What is incoterms CIF mean | Everything you need to know
If you’re familiar with international trade, then you must have come across the popular incoterm called CIF. This incoterm is renowned for its convenience, especially for buyers. But why is that the case? Allow us to shed light on it in this article.
We have compiled all the information you need to know about CIF. We’ll walk you through the roles of buyers and sellers, the point of risk transfer, and the pros and cons so you can decide whether this incoterm aligns with your needs.
What is CIF Incoterm?
CIF-Costs, Insurance, and Freight- is another popular incoterm that can only be used for ocean freight or inland waterway shipments.
In this incoterm, the seller exports the cargo and pays freight costs and insurance charges till the goods reach the agreed destination port. Although the seller pays for freight charges and insures the cargo, their responsibility ends once the goods are safely on board the shipping carrier. From this point, the risk of the shipment transfers to you. You then handle the import clearance and transport the goods from the destination port to the final destination.
The seller must provide insurance for your goods under a CIF agreement. The insurance should be at least 110% of the declared value of your goods and should cover the goods till they reach the destination port.
One important detail to note about CIF is that the point of risk transfer is different from the point of cost transfer.
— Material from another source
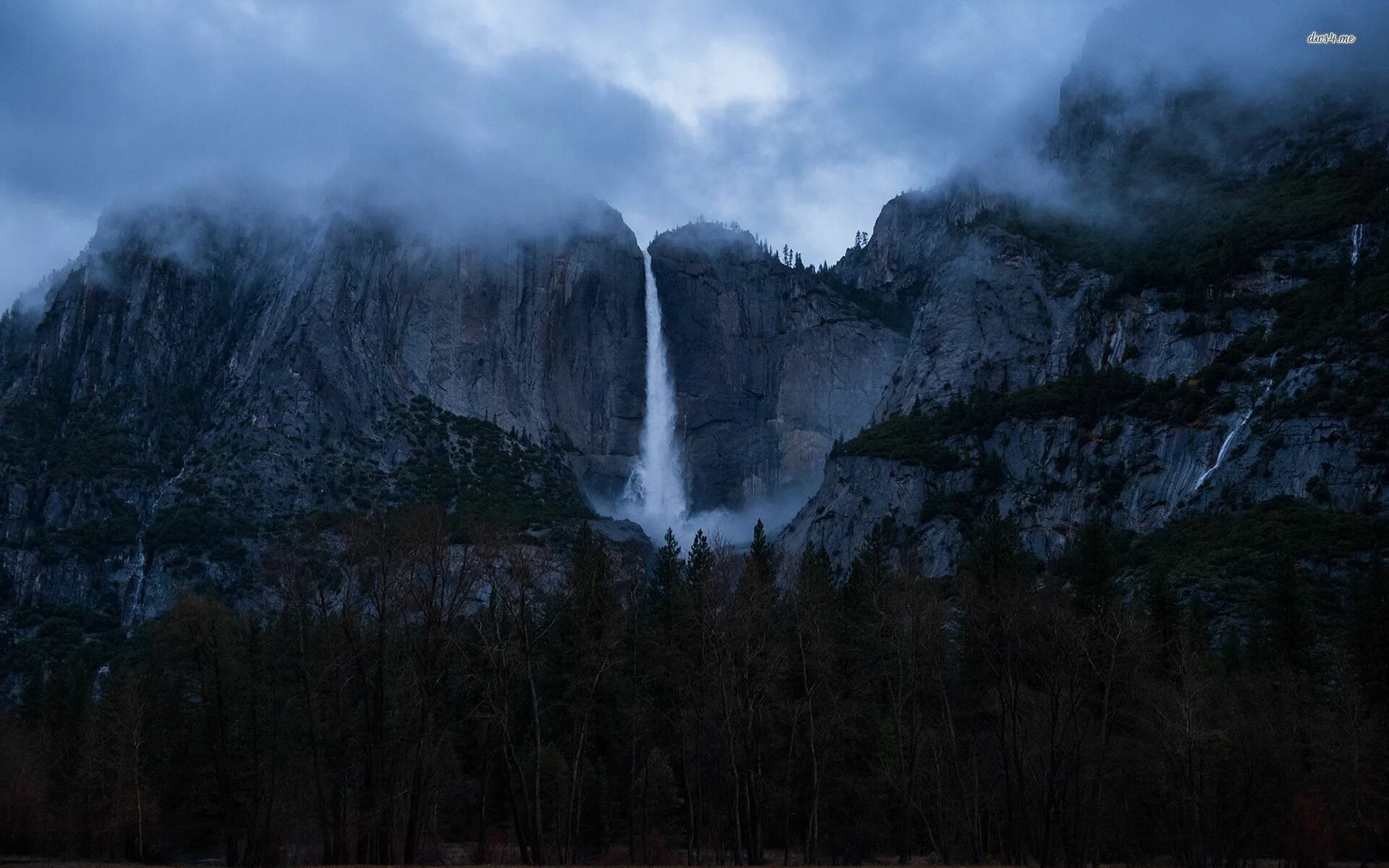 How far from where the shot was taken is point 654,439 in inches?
6816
Remember, the seller covers freight and insurance costs, therefore the cost transfer happens when the goods are at your destination port. However, once the goods are loaded on the vessel, the risk of the shipment shifts to you. This means you’re liable for any damages or loss during transit. If your goods are damaged, you can make a claim with the seller’s insurance company.
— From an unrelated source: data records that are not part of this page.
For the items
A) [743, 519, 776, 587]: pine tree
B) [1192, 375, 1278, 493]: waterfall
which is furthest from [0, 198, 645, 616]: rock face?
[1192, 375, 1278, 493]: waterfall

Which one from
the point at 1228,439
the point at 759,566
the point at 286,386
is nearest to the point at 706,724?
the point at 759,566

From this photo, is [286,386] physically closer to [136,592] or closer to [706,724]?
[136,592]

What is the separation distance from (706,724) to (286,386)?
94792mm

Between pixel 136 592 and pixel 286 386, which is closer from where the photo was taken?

What are the responsibilities of Buyers and Sellers in CIF?
CIF lists clear obligations for both buyers and sellers.
- Package the goods to be ready for shipping.
- Deliver the goods to the agreed destination port.
- Arrange and pay for insurance to cover the goods during shipping.
- Handle export customs clearance
- Pay freight charges.
- Load the goods onto the ship
- Hand over necessary shipping documents to the buyer
- Bears damages during shipping
- Receive and unload the goods from the ship at the destination port.
- Handle import clearance and pay customs duties
- Transport the goods to the final destination.
When should I consider using CIF?
Sellers mostly choose CIF because they can make more profit. But you can consider using CIF when:
- You’re inexperienced with international shipping.
- You want the seller to handle freight and insurance costs.
- You want the convenience of having goods delivered to your local port.
- You want your goods shipped by sea
- Your shipment is small
Advantages of CIF for the buyer
CIF is a convenient shipping option for the buyer because the seller handles most of the logistics burden. Here are the benefits of using this incoterm:
- Beginner friendly: CIF is one of the most friendly incoterms for newbies to international trade. It is straightforward to navigate.
- Less stress: CIF reduces your involvement in shipping, insurance, and customs procedures because the seller manages them for you.
- Convenience: CIF makes shipping very easy for you. The goods are delivered to the destination port, which saves you time and effort.
- Hazardous goods: When shipping dangerous goods, the seller is responsible for obtaining the necessary licenses and securely packaging the items for safe transport.
- Insurance: The seller is obligated to purchase insurance for your goods till they reach the destination port, which helps to settle losses in case of shipping mishaps.
- Predictable Budget: With CIF, you have a clear understanding of costs upfront, including shipping and insurance, which makes budgeting easier. You won’t be caught off guard by sudden changes in freight costs because you’re not responsible for the shipping charges.
- Global Access: CIF allows buyers to access goods from different parts of the world without being directly involved in intricate shipping details.
Disadvantages of CIF for the buyer
CIF is oftentimes not a great option for buyers because it means you lose control of the shipping process while bearing a large part of the risk.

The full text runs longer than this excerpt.